ASSIGNED TASK:
The lines to retype run from the one containing "HayrBoost Max-Crescimento capilar Avançado" through the end of the listing below. Reproduce them exactly, leaving out pictures.

===

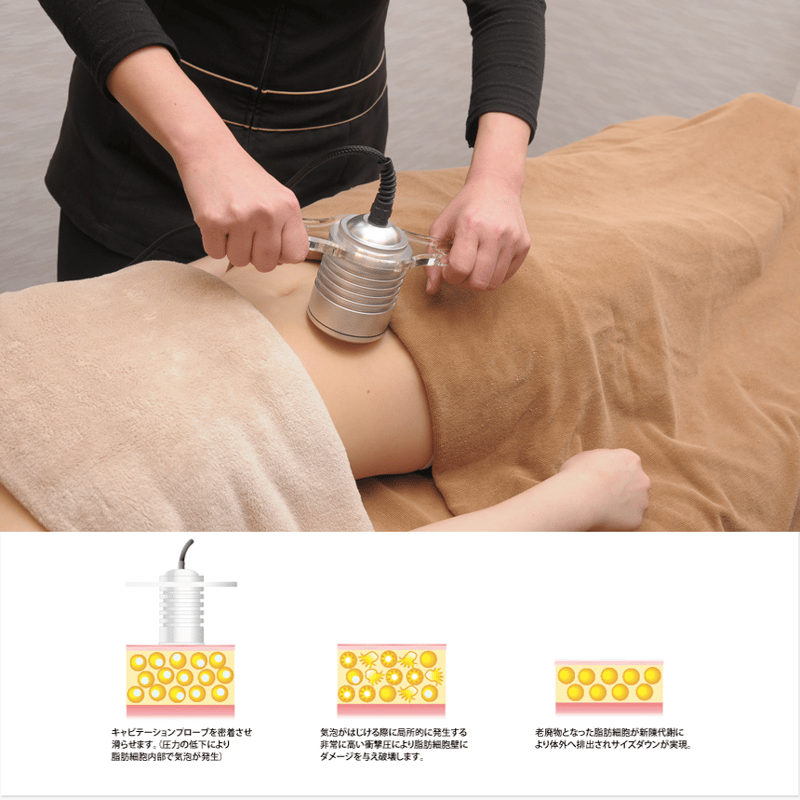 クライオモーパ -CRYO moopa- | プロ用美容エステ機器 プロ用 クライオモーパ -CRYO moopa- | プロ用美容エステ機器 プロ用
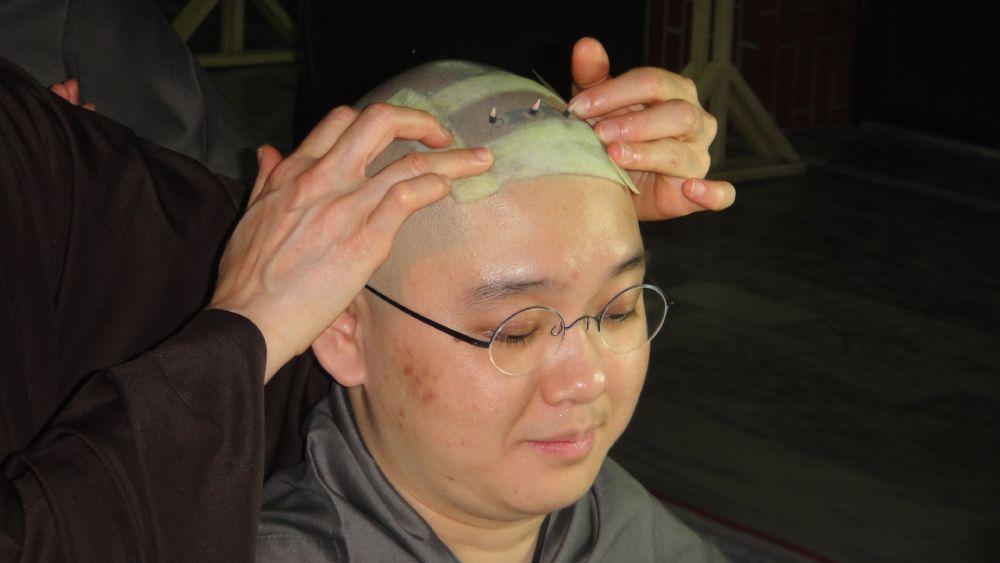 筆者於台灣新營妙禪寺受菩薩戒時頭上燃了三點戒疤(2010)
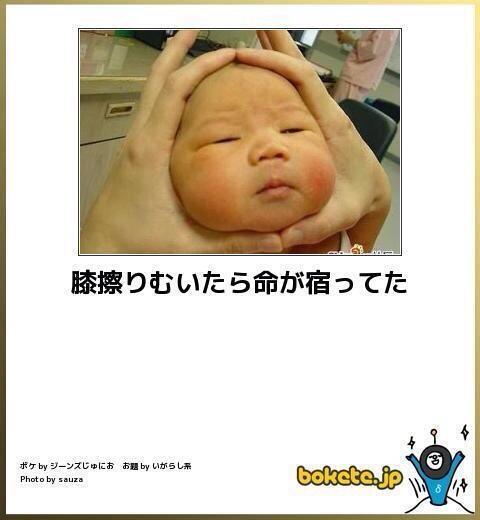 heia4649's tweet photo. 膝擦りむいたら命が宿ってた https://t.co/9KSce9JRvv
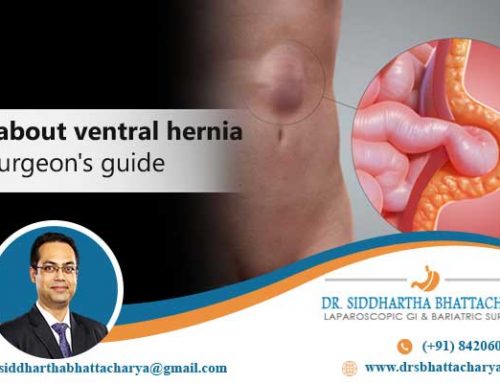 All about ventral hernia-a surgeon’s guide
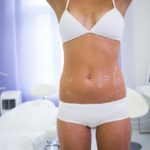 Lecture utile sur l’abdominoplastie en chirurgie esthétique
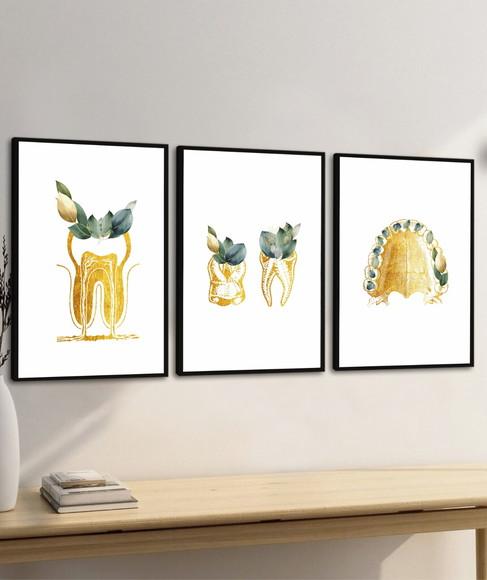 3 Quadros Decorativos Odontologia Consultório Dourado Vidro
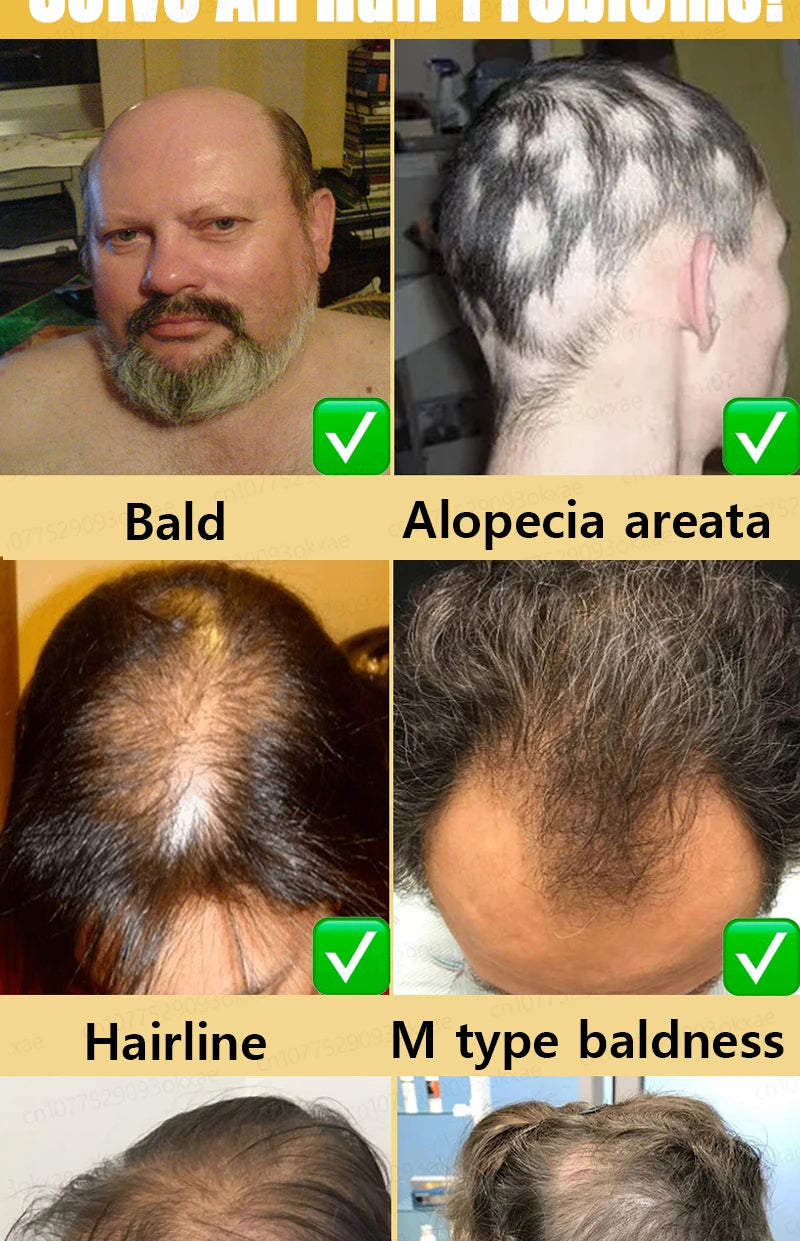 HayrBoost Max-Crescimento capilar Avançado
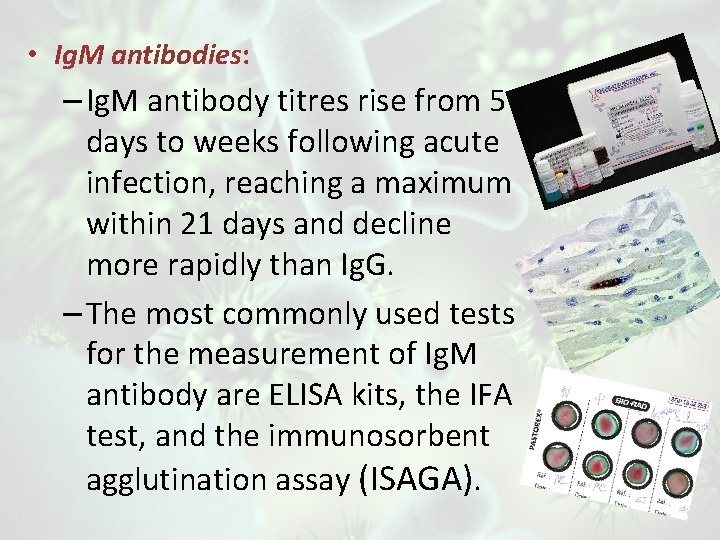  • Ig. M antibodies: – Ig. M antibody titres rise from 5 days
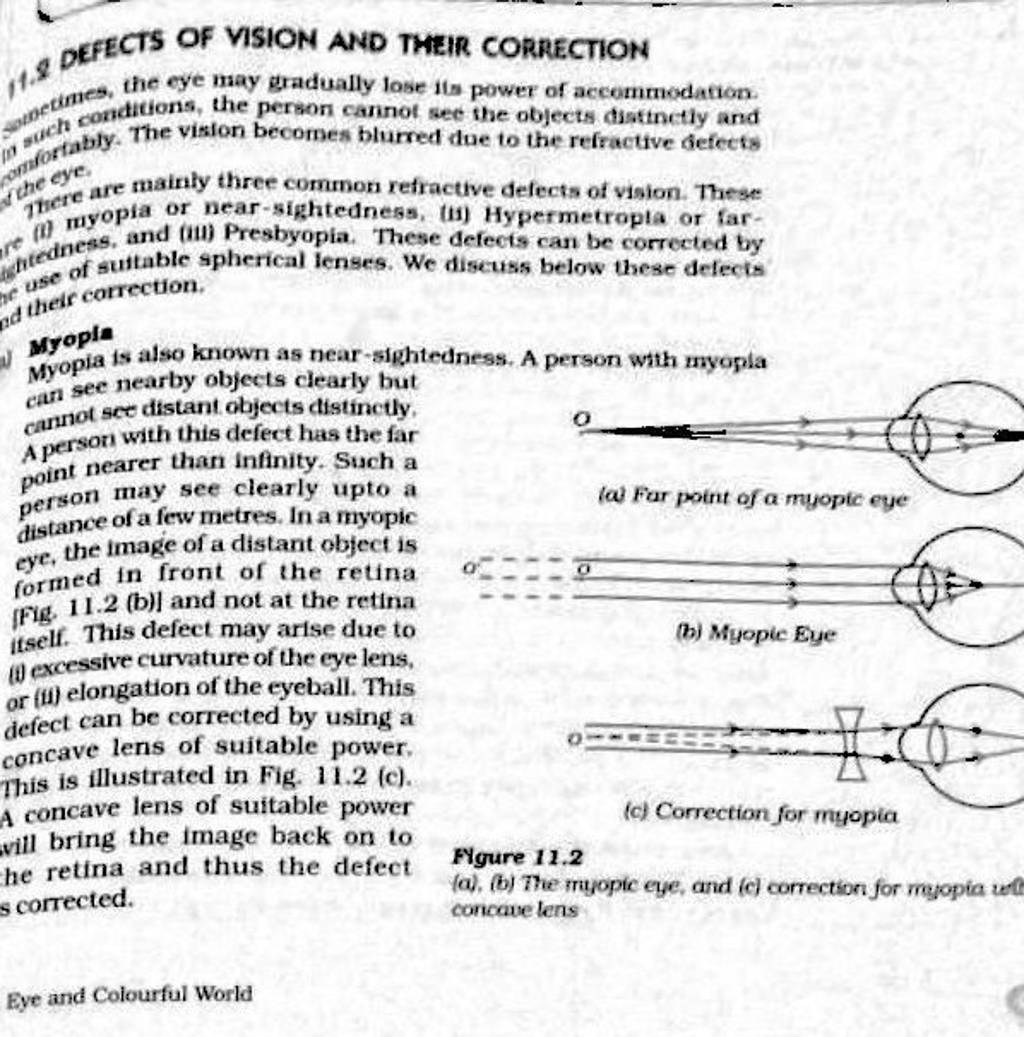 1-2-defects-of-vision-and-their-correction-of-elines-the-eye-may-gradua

===

RESPONSE BELOW:
 HayrBoost Max-Crescimento capilar Avançado
  • Ig. M antibodies: – Ig. M antibody titres rise from 5 days
 1-2-defects-of-vision-and-their-correction-of-elines-the-eye-may-gradua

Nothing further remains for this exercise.